══ Data for analysis

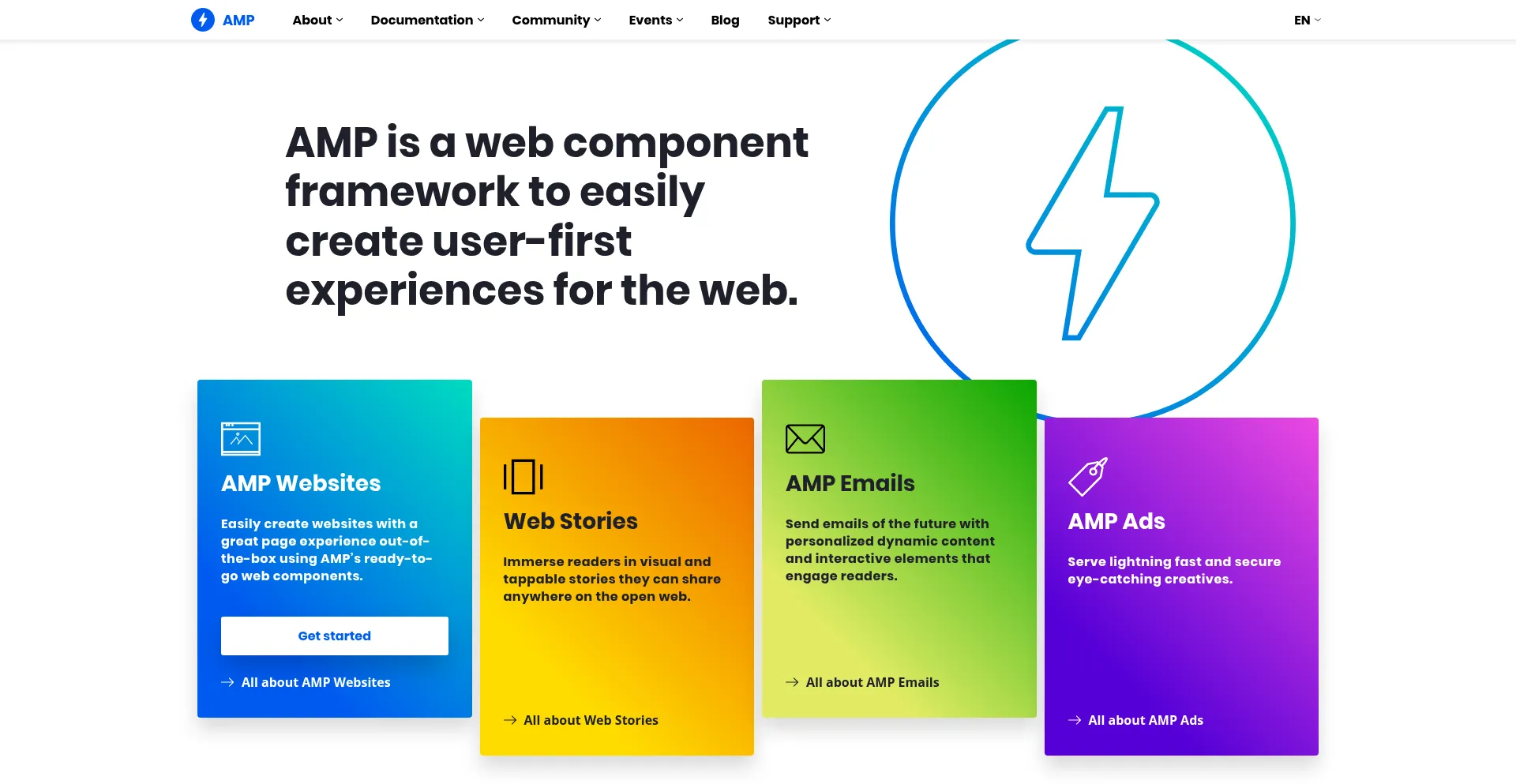 Website screenshot of Ampproject.net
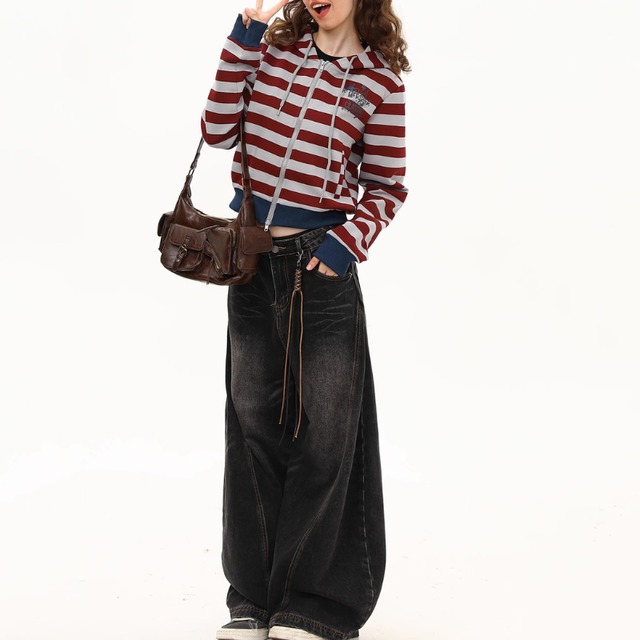 border hooded cropped zipper　ボーダーフード付きクロップドジッパー　J1508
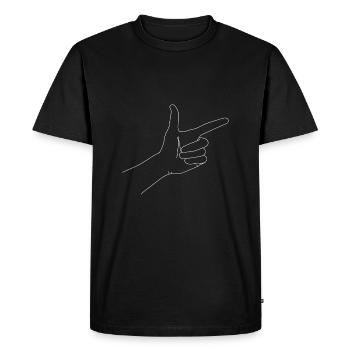 Hand Gesture Drawn Minimalist Show - Men's Premium Organic T-Shirt - black - Front - Nico (187cm)
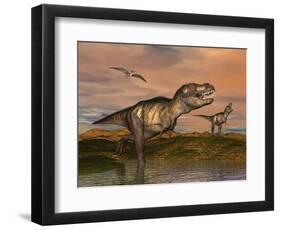 Tyrannosaurus Rex Dinosaurs with Pteranodon Bird Flying Above-null-Framed Art Print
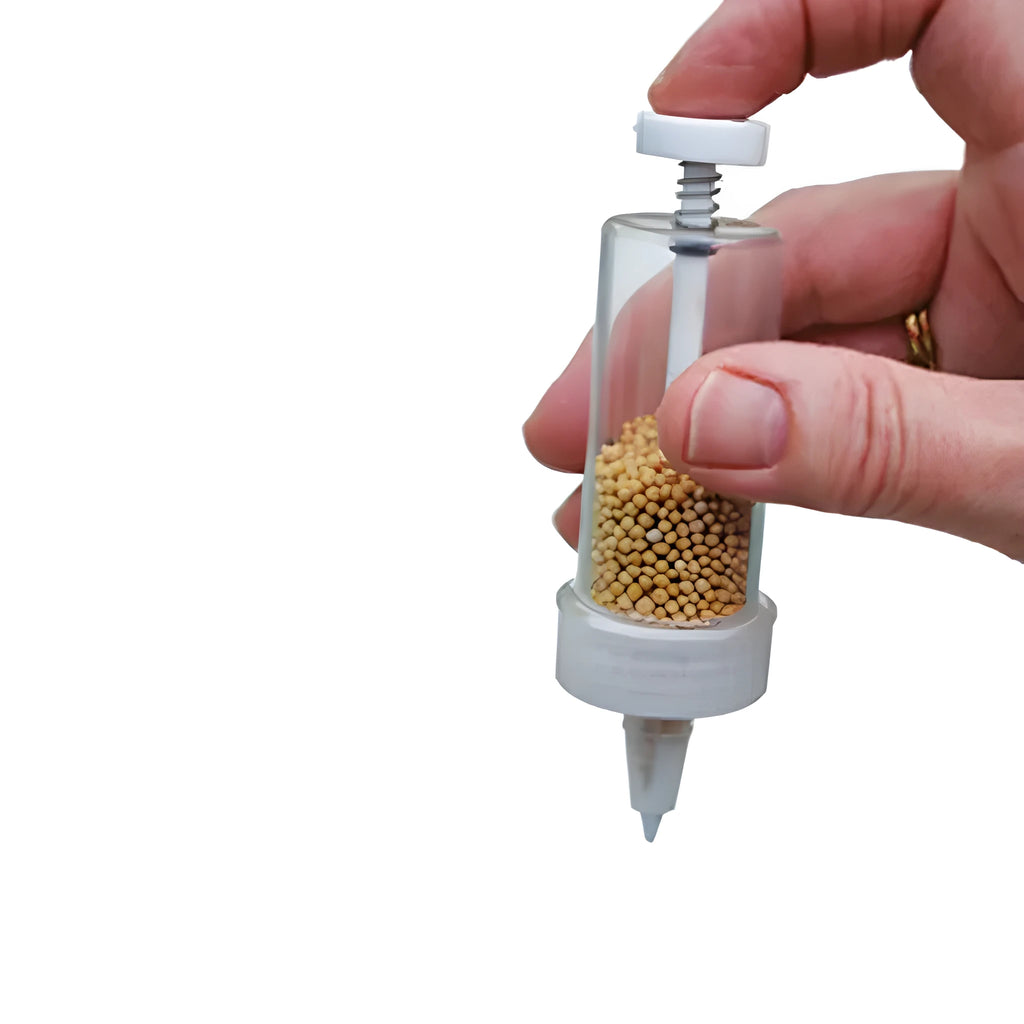 12 cm long by 3 cm diameter mini planter tool for distributing seeds into pots and plug trays
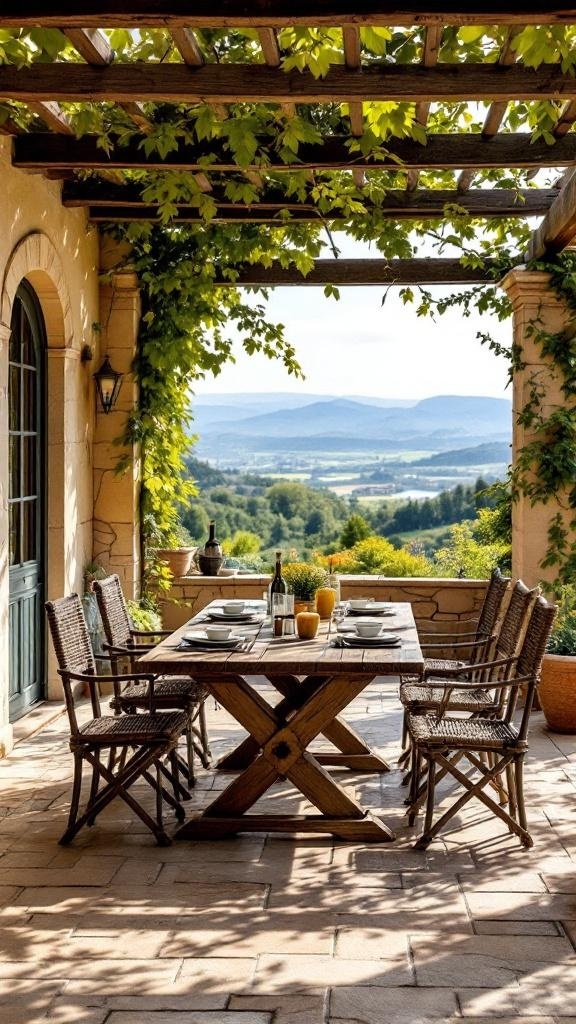 Outdoor dining area with a wooden table and scenic views in Tuscany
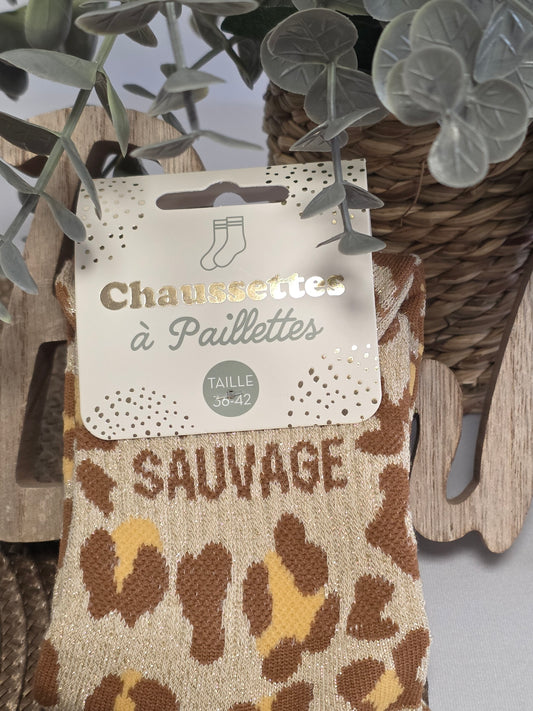 SAUVAGE - Chaussette à Paillette Léopard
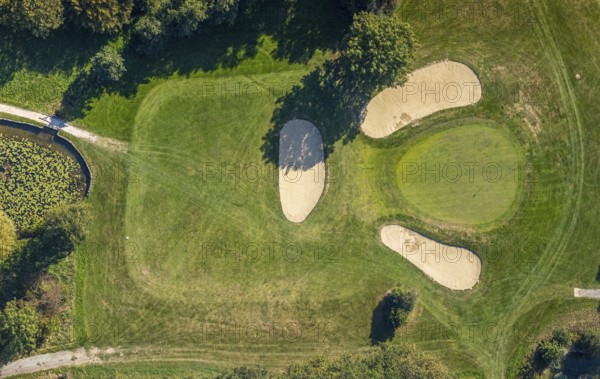 Aerial view, golf course, Golfclub Stahlberg im Lippetal e.V., Ebbeckeweg, Lippborg, Lippetal, Kreis Soest, North Rhine-Westphalia, Germany, DE, Europe, golf, golf course, golf club, Kreis-Soest-Buch, KreisSoestBuch, aerial view, aerial photography, aerial photography, sports, overview, bird's-eye view, meadows and fields, birds-eyes view, overview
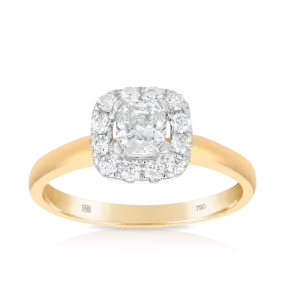 0.75ct TW Diamond Square Halo Engagement Ring in 18ct Yellow Gold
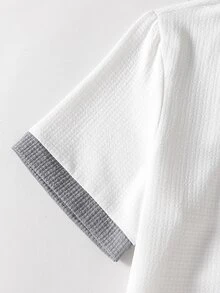 Set Pakaian Remaja Laki-laki 2 Potong Bahan Tekstur, Kemeja Berkerah Lengan Pendek dengan Trim Kontras Abu-abu + Celana Panjang Abu-abu, Set Kasual Harian Sekolah Musim Panas - Grey - View 7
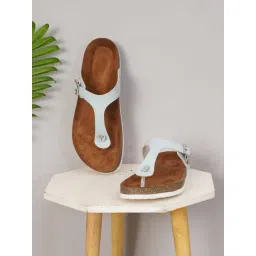 Mozafia Women's Blue T-Strap Sandals-picture-41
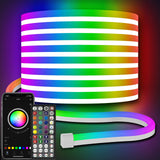 Led Neon Rope Lights 32.8Ft,Control with App/Remote,Flexible Led Rope Lights,Multiple Modes,IP65 Outdoor RGB Neon Lights Waterproof,Music Sync Gaming Led Neon Strip Lights for Bedroom Indoor Led Light AILBTON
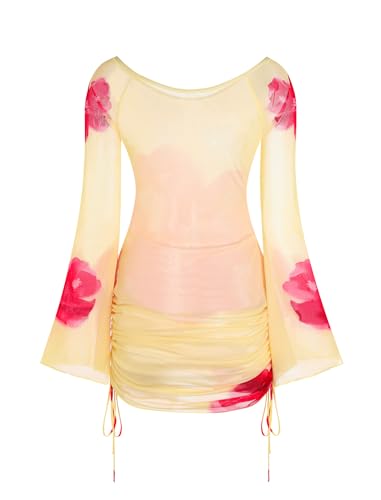 Image of ZAFUL Womens Swimsuit Cover Up Dress Off Shoulder Hollow Coverup Bathing Suit Mesh Swim Beach Dress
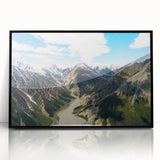 Large abstract wall art depicting a Yukon scenery in muted earth tones on a framed acrylic.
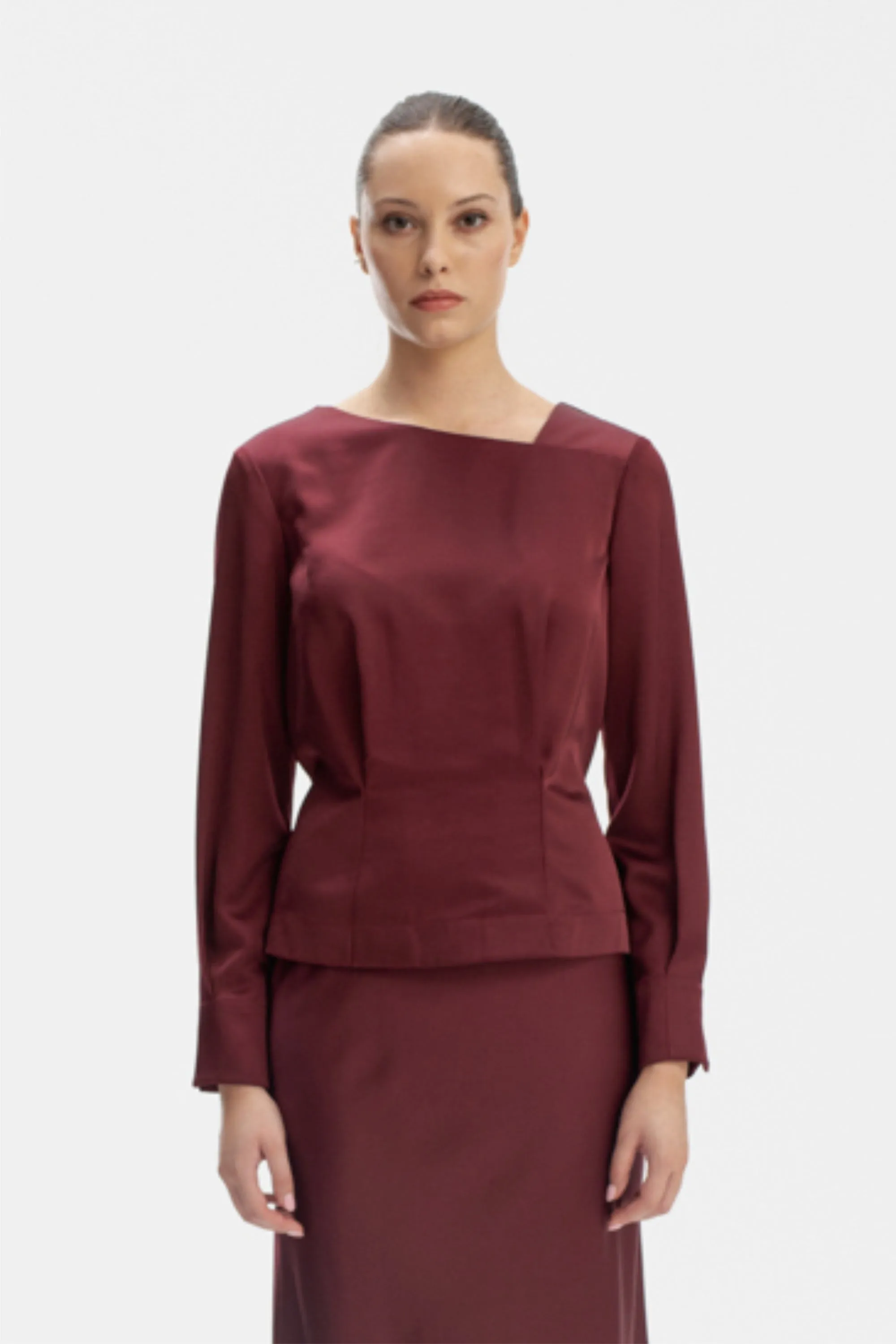 ASYMMETRIC NECK LONG SLEEVE BLOUSE IN BURGUNDY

════

Task to complete: Through the line containing "SAUVAGE - Chaussette à Paillette Léopard" and no further, restate the data above word for word from its first line, leaving out pictures.

Output:
 Website screenshot of Ampproject.net
 border hooded cropped zipper　ボーダーフード付きクロップドジッパー　J1508
 Hand Gesture Drawn Minimalist Show - Men's Premium Organic T-Shirt - black - Front - Nico (187cm)
 Tyrannosaurus Rex Dinosaurs with Pteranodon Bird Flying Above-null-Framed Art Print
 12 cm long by 3 cm diameter mini planter tool for distributing seeds into pots and plug trays
 Outdoor dining area with a wooden table and scenic views in Tuscany
 SAUVAGE - Chaussette à Paillette Léopard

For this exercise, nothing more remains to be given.